Bowlers are always restricted strictly with field placement. Most of the fieldsmen should stand within a near circle and two or three can stand on the boundary line. Next, the wicket prepared for one day matches mainly suits for batsmen (mainly in india) where the ball does not bounce more than knee height and batsmen are fearless to swing their bat at their free will. The poor great bowlers even find it difficult to restrain a mediocar batsman in such tournament. as bowlers are handicapped with strict rules of one day, twenty twenty games. To make cricket popular we shall not forget the great contribution of CHANNEL NINE OF AUSTRALIA WHICH WAS NAMED PAJAMA CRICKET AND CARRY PACKER BECAME FAMOUS. But that is all. Thereafter Indian board utilised this limited over games more popular and crowd pulling evenwith stiff price of the ticket by inviting so many indecent factors on cricket ground. and went on looting huge money and made the cricket a great circus.
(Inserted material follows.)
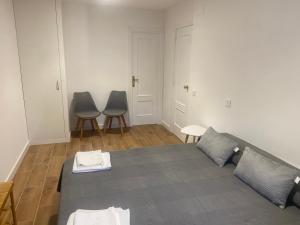 Posezení v ubytování Hostal La Taberna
Good... God proposes, board refuses.. Nice slap on this guy who can no more bat or field for 50 overs continuously and hence proposed these changes. The hidden agenda was to extend his career for few more years if ICC decides to adopt this 25 over innings proposal!!
Its actually a good idea however the down side is we would be creating a mix between test cricket and ODI to fit a single day or two days. In my opinion this would probably make the use of Test Cricket and ODI both a havoc. I agree with the ICC. There is no real need to change the format.
However, I do agree that 50 Over cricket is getting boring too.
Why not have 1st inning of maximum 100 Overs, and second inning as it is in existing rule, This should increase the possibility of result instead of draw
Re: Change Test format
by Shivam Parikh on Sep 21, 2011 03:15 PM
Too long. The idea is to shorten the fatigue that players end up with after long bouts on the field. Sachin's suggestion is to try to minimize the time that each time has to stay on the field in the heat. By the time the fielding first team bats, their openers are tired (a bit).
As mentioned, I don't agree with the idea though I do agree that the opening of 20-20 has caused major downside to both test and 50 over cricket. If you see cricket matches of 50 overs - the stadiums go unsold. Test Cricket stands are empty unless free tickets are given. The actual earnings from live stadium audience is none. Everything is tv ads now. Question is how many viewers will continue to watch 50 over matches on tv vs. 20-20.
Somewhere old test cricket and 50 overs should never have been replaced with 20-20. The game of cricket is becoming more entertaining in 20-20 but records, history and the real sport is changing too much.